## Work instructions
Retype the line where "Greetings and salutations" appears and each line that follows it down to the last line of the records below. Leave the pictures out.

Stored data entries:
*** Block opens ***
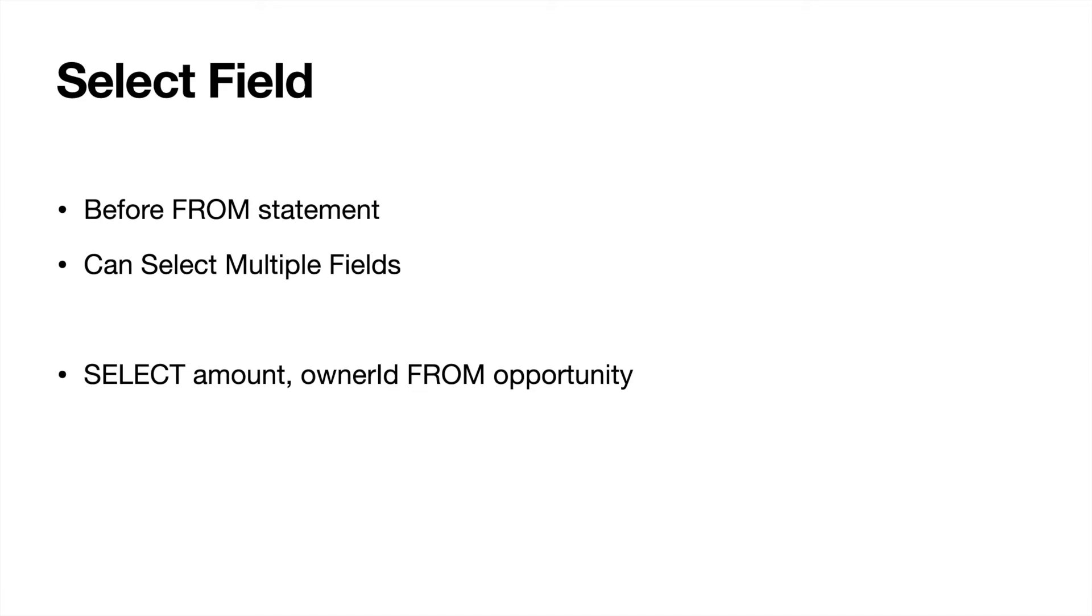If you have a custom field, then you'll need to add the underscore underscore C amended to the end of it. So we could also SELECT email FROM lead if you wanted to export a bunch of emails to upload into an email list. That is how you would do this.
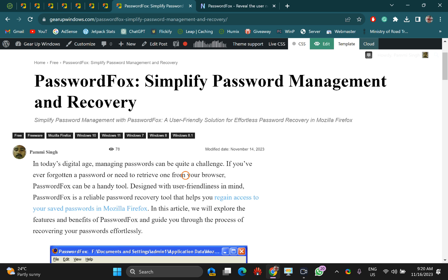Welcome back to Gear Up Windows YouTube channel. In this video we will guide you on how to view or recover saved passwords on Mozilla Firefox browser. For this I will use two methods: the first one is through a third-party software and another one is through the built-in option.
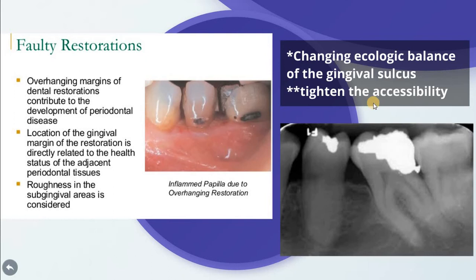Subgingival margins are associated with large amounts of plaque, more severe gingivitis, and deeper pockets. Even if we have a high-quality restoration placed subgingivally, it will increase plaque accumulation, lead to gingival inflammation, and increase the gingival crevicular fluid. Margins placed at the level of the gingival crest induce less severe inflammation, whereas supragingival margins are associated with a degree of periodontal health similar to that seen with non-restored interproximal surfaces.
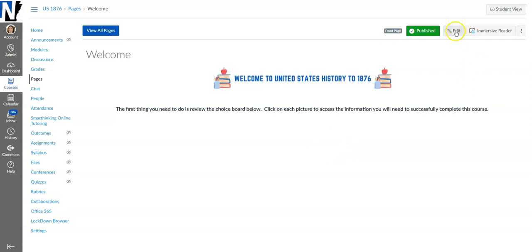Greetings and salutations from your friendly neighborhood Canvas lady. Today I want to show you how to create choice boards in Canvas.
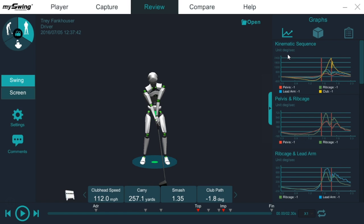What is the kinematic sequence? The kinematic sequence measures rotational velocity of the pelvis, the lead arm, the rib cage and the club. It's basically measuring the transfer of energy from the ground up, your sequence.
*** Block closes ***
## Response area
Greetings and salutations from your friendly neighborhood Canvas lady. Today I want to show you how to create choice boards in Canvas.
What is the kinematic sequence? The kinematic sequence measures rotational velocity of the pelvis, the lead arm, the rib cage and the club. It's basically measuring the transfer of energy from the ground up, your sequence.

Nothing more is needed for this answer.